Earnhardt no fan of joined-together strategy

7/4/2011
ASSOCIATED PRESS
It was two-by-two early at Daytona for the teams of Jeff Burton (31) and Clint Bowyer (33), and that of Dale Earnhardt, Jr., (88) and Jimmie Johnson (48) as drivers ride bumpers.
It was two-by-two early at Daytona for the teams of Jeff Burton (31) and Clint Bowyer (33), and that of Dale Earnhardt, Jr., (88) and Jimmie Johnson (48) as drivers ride bumpers.

DAYTONA BEACH, Fla. -- Dale Earnhardt, Jr., made it clear he's no fan of the current style of restrictor plate racing before he even arrived at Daytona International Speedway.

"I'm not looking forward to going to Daytona, not with the way the drafting is there," he said a week before Saturday's race.

"It's really weird and kinda wrong on some levels to race that way," he said.

But if there was any doubt, he ended it after a frustrating 19th-place finish that had his passionate army of fans accusing Hendrick Motorsports teammate Jimmie Johnson of sabotaging Earnhardt's chance to win.

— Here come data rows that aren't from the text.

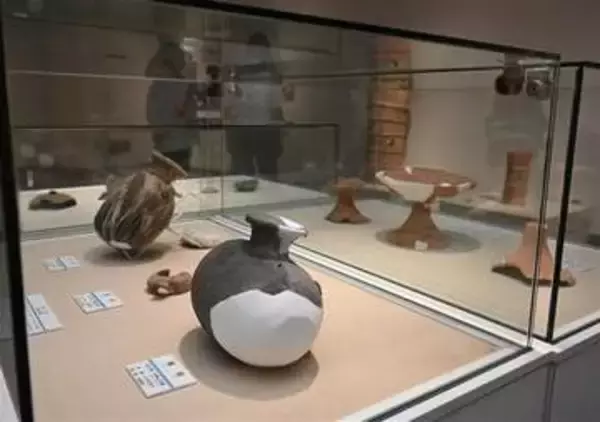 福岡・桂川の王塚装飾古墳館、1年4カ月ぶり再開　火災の影響で休館　初公開20点そろえ9月23日まで企画展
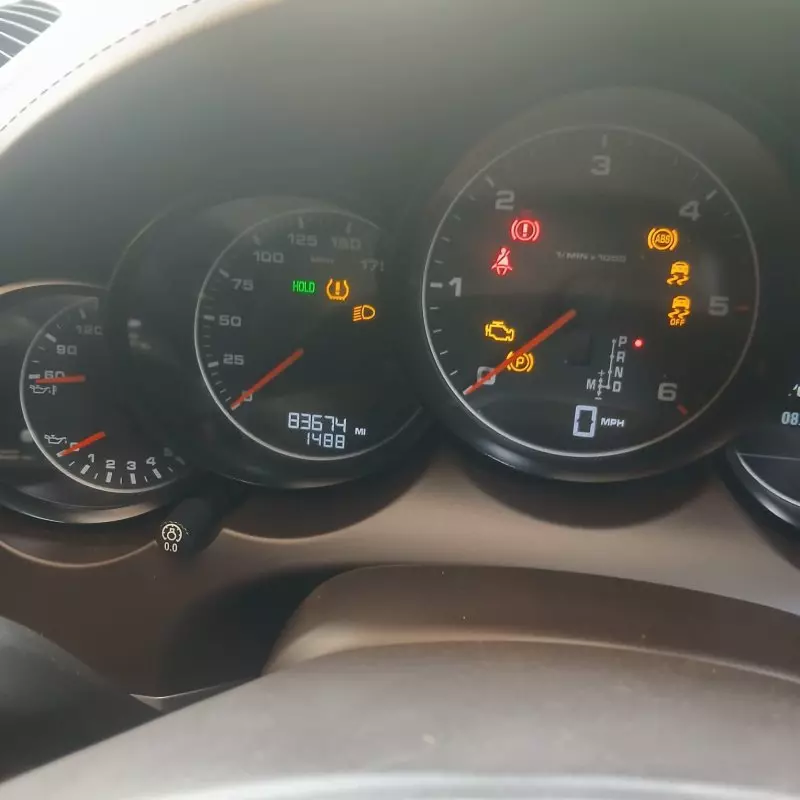 PORSCHE Cayenne   - 2012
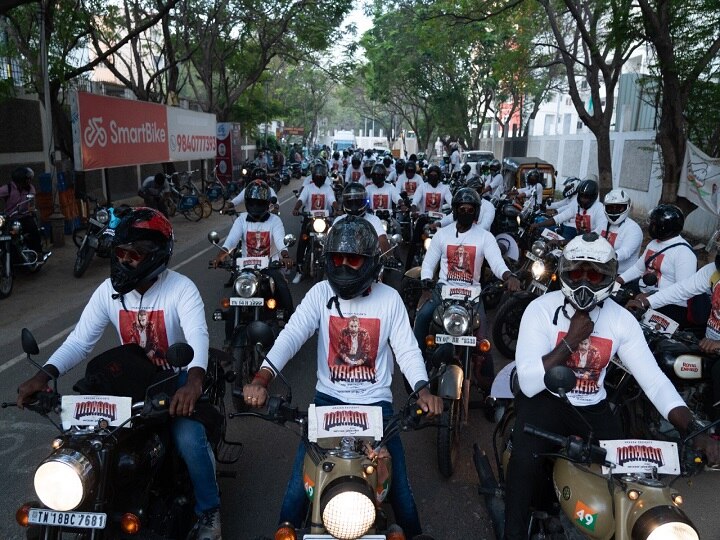 Vikram Fans Bike Ride: விக்ரம் ஃபேன்ஸின் வாத்தி ரெய்டு.. வெற்றியை கேக் வெட்டி கொண்டாடிய மகான் டீம்.. வைரலாகும் போட்டோஸ்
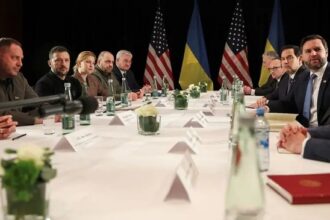 Zelenskyy and Vance meeting in Munich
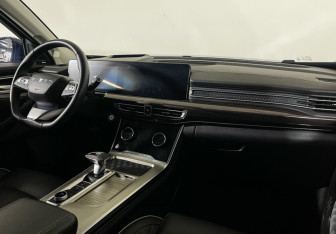 Подержанный автомобиль Exeed VX 2023 года (9 фото)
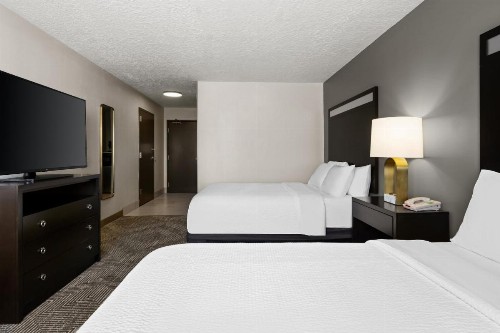 Holiday Inn Hotel & Suites Albuquerque Airport an IHG Hotel - image 15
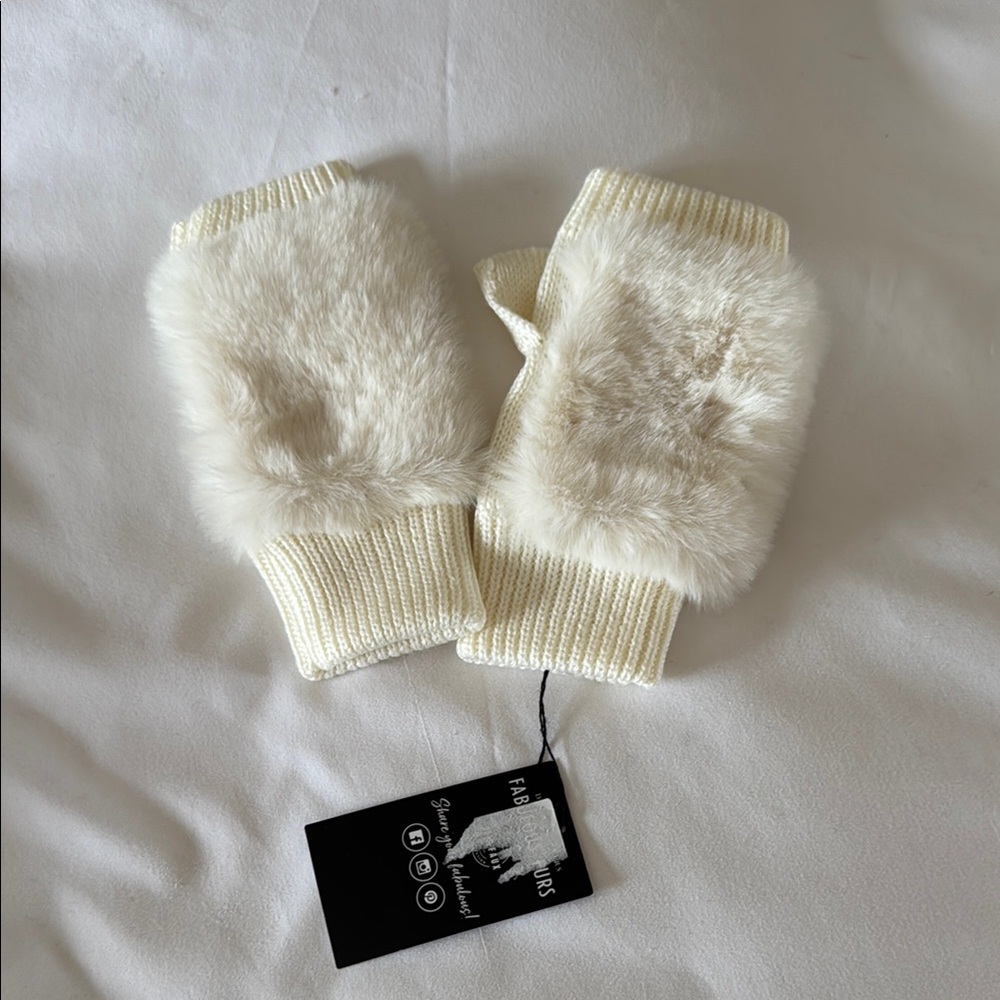 Faux Fur Fingerless Gloves in Cream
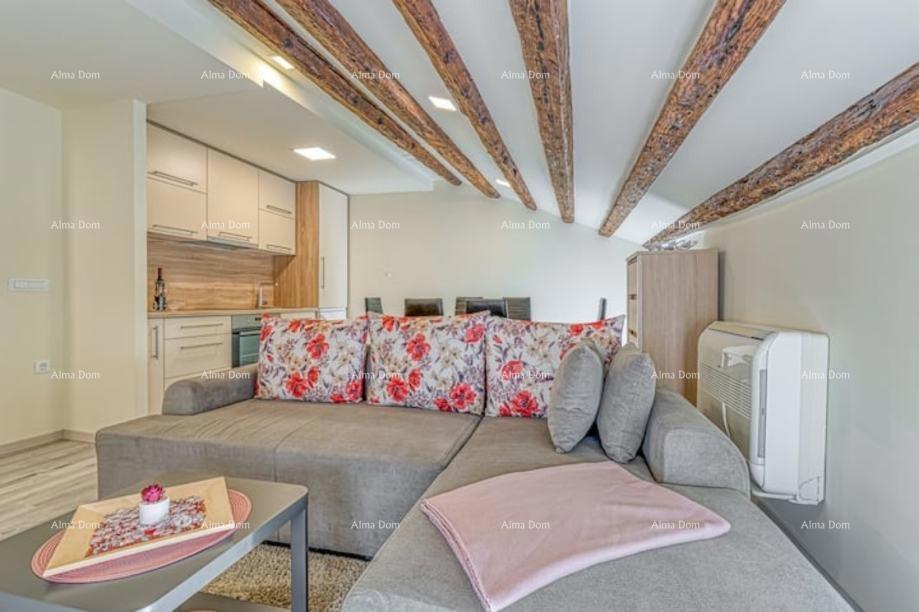 Splendido appartamento sul lungomare di Parenzo – Prima fila sul mare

"I am really ticked off. It was a foolish ... race. I don't know what to tell you," he fumed. "I don't like this kind of racing and you know it."

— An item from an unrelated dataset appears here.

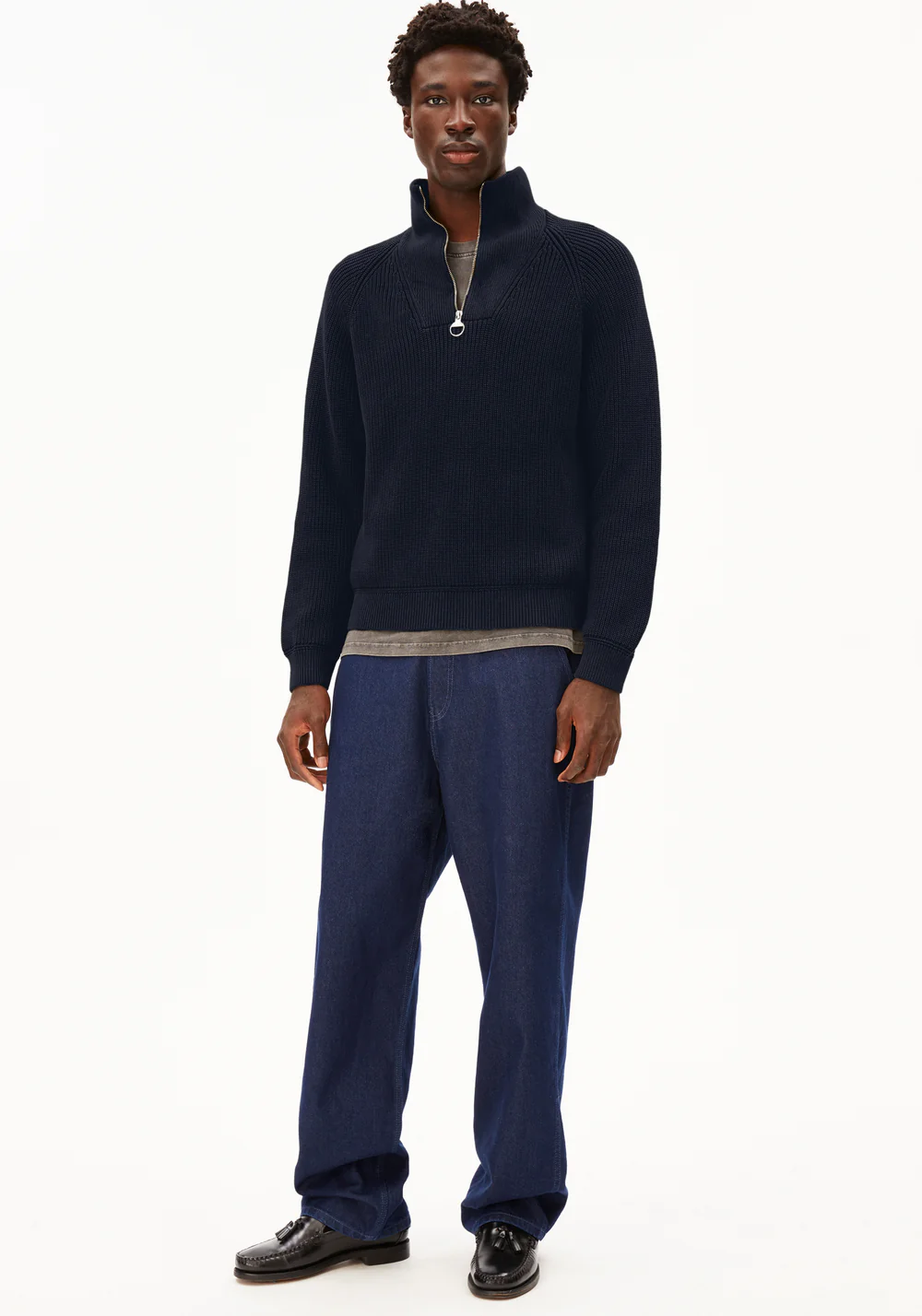 armedangels homme pull camioneur kaalves gmt dye coton bio bleu marine l armoire poethique 5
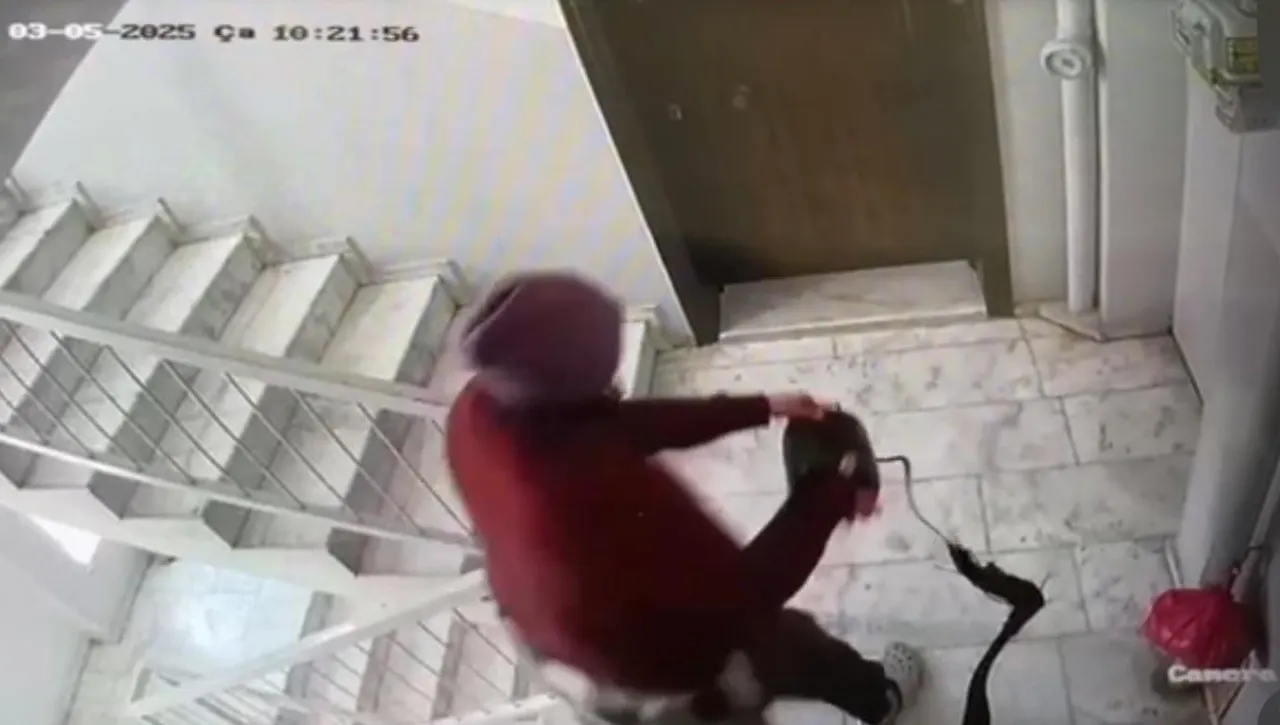 Apartmanda komşu terörü: Kapılara dışkı sürüyor, binadakilere biber gazı sıkıyor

There once was a time when Earnhardt didn't need help to win at Daytona, when he could just slice his way to the front and hold off a train of traffic in the closing laps. That's how he did it 10 years ago, on his first visit to the track following his father's fatal accident in the 2001 Daytona 500. And that's how he did it 17 months ago, when he charged from 10th to second in the breathtaking final two laps of the season-opener.

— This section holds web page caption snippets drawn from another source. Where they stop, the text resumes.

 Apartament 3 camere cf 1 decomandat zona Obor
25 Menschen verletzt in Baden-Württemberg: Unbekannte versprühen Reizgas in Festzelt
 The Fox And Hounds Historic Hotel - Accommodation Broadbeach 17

The racing has changed dramatically since then, and drivers now need to create a two-car hookup to get around Daytona. They use one spotter, with the lead driver taking traffic signals, guiding the trailing driver, who is stuck in a perpetual blind spot as he's glued to the rear bumper.

The tandem racing debuted at the start of the season, was elevated to a more sophisticated level at Talladega, and led almost every driver to pick a partner and devise a strategy before they got to Daytona.

Maybe Earnhardt would have felt differently had the outcome been a little better last night. But as winner David Ragan made his move toward the front with teammate Matt Kenseth, the Earnhardt-Johnson duo was mired in traffic.

Then they were separated when Johnson ducked onto pit road, but Earnhardt stayed on the track.

"I'm driving my car, do what I'm told," Earnhardt said. "They decided to do something different. I can't run the whole damn thing from the seat of the damn race car. I'm just doing what I'm told out there. I don't know how that affected us, if it did at all."